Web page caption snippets
^^^^^^^^^^^^^^^^
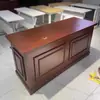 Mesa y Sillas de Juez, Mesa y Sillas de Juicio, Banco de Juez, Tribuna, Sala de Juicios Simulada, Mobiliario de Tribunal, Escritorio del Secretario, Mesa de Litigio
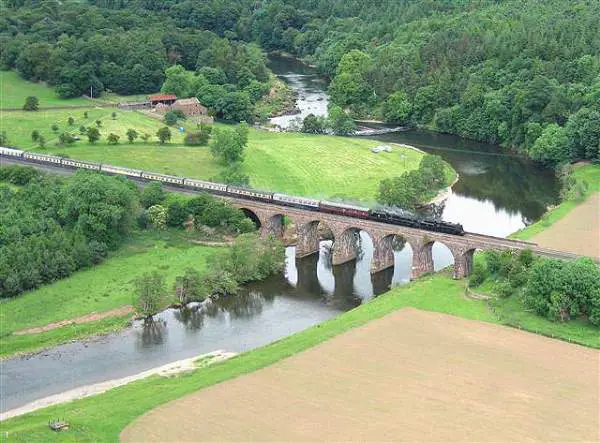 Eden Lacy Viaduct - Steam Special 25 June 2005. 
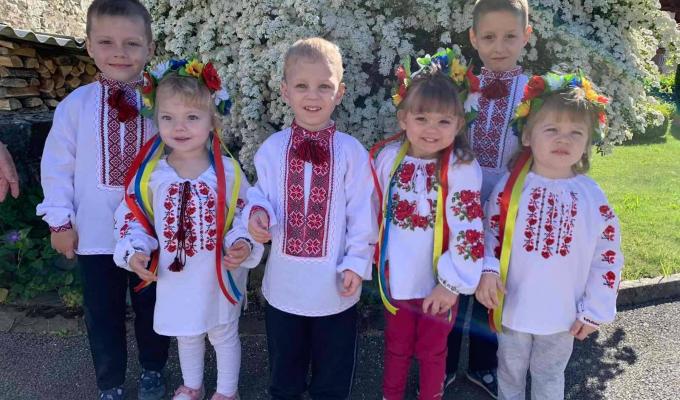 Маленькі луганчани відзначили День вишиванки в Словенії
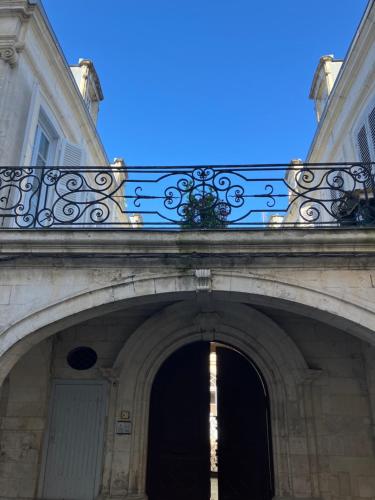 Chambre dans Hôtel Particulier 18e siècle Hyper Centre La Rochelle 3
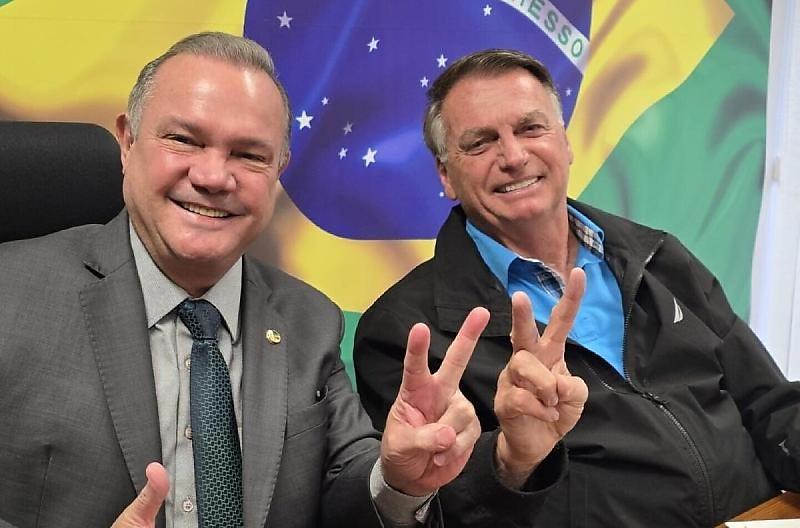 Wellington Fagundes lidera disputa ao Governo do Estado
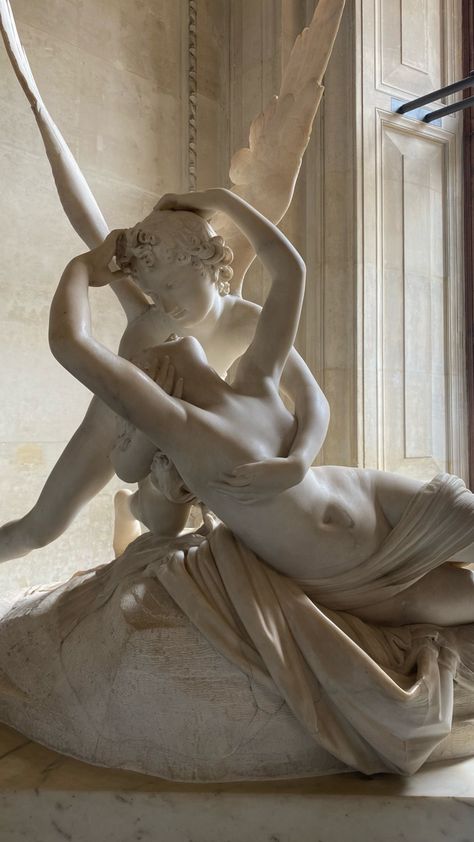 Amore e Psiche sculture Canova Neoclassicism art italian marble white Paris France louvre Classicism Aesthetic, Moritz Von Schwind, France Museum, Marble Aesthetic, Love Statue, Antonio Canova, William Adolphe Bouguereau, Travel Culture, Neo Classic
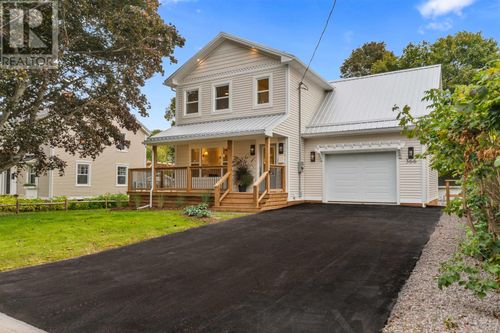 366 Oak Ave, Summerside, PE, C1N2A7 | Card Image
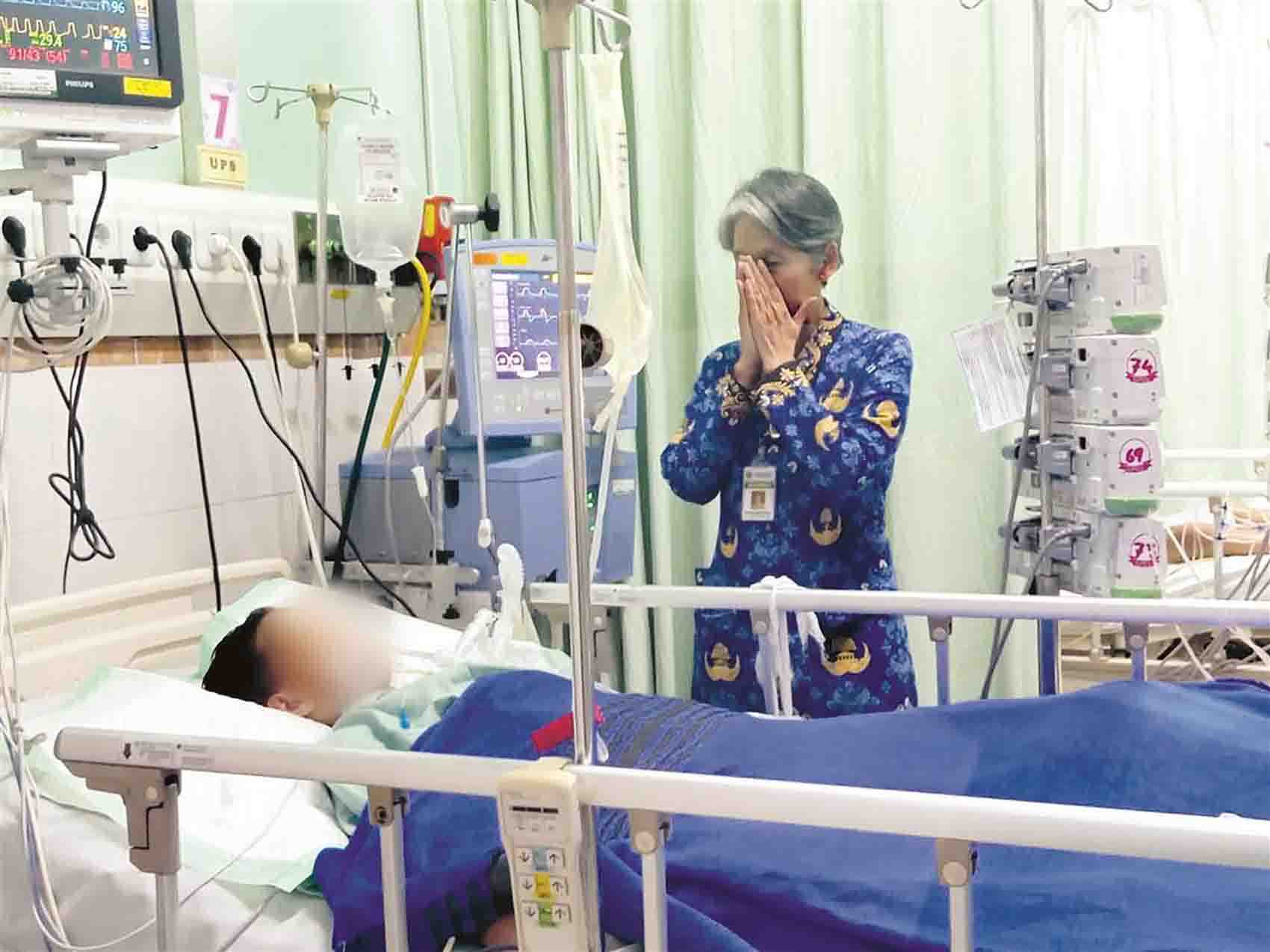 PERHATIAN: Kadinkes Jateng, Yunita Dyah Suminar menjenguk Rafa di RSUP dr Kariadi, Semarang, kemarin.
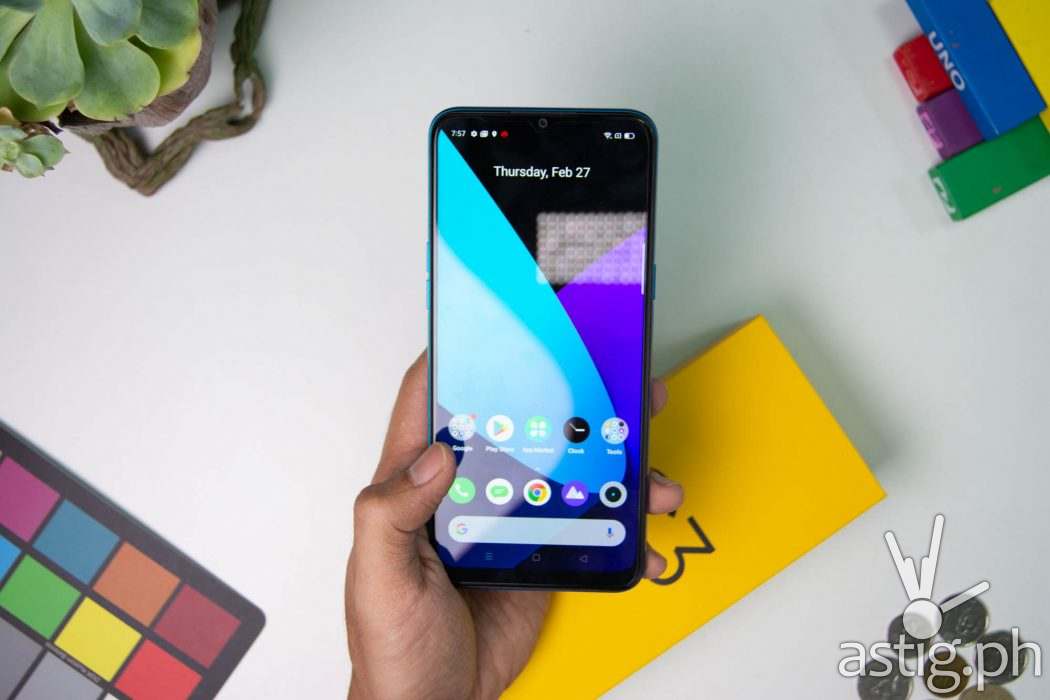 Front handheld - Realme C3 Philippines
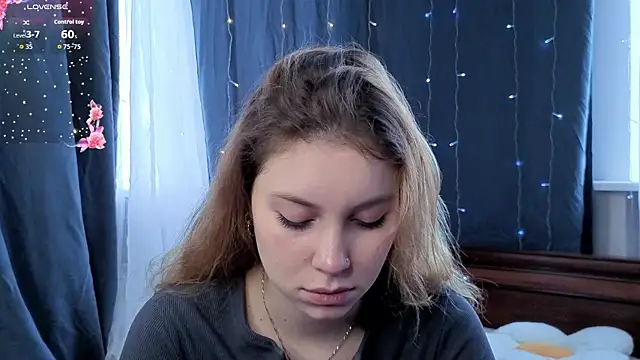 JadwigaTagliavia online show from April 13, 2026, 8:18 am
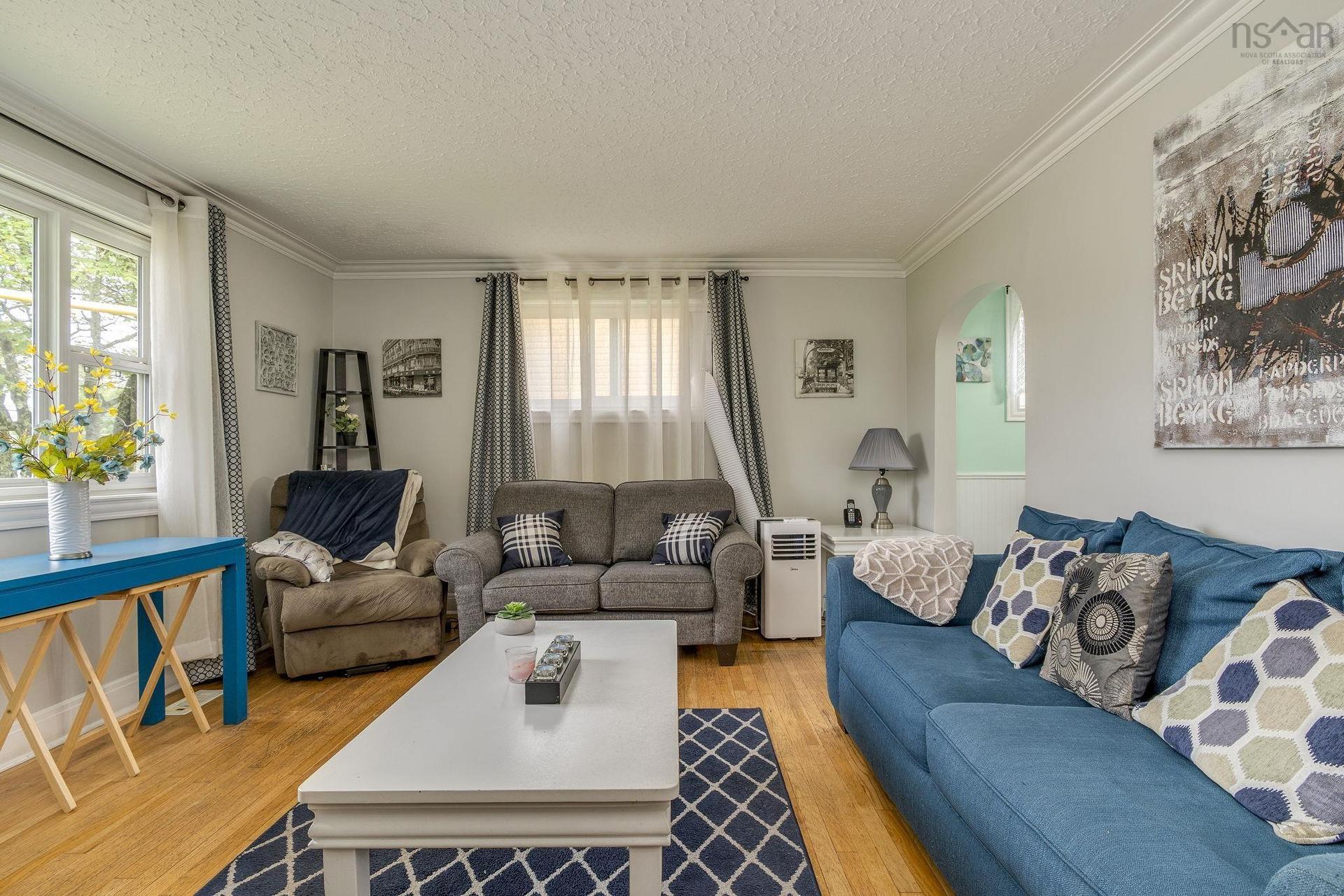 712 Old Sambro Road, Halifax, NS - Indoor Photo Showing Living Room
^^^^^^^^^^^^^^^^
**TASK DIRECTIONS**
In the copy, every entry appears exactly as written above and no picture appears.

**ANSWER SPACE**
 Mesa y Sillas de Juez, Mesa y Sillas de Juicio, Banco de Juez, Tribuna, Sala de Juicios Simulada, Mobiliario de Tribunal, Escritorio del Secretario, Mesa de Litigio
 Eden Lacy Viaduct - Steam Special 25 June 2005. 
 Маленькі луганчани відзначили День вишиванки в Словенії
 Chambre dans Hôtel Particulier 18e siècle Hyper Centre La Rochelle 3
 Wellington Fagundes lidera disputa ao Governo do Estado
 Amore e Psiche sculture Canova Neoclassicism art italian marble white Paris France louvre Classicism Aesthetic, Moritz Von Schwind, France Museum, Marble Aesthetic, Love Statue, Antonio Canova, William Adolphe Bouguereau, Travel Culture, Neo Classic
 366 Oak Ave, Summerside, PE, C1N2A7 | Card Image
 PERHATIAN: Kadinkes Jateng, Yunita Dyah Suminar menjenguk Rafa di RSUP dr Kariadi, Semarang, kemarin.
 Front handheld - Realme C3 Philippines
 JadwigaTagliavia online show from April 13, 2026, 8:18 am
 712 Old Sambro Road, Halifax, NS - Indoor Photo Showing Living Room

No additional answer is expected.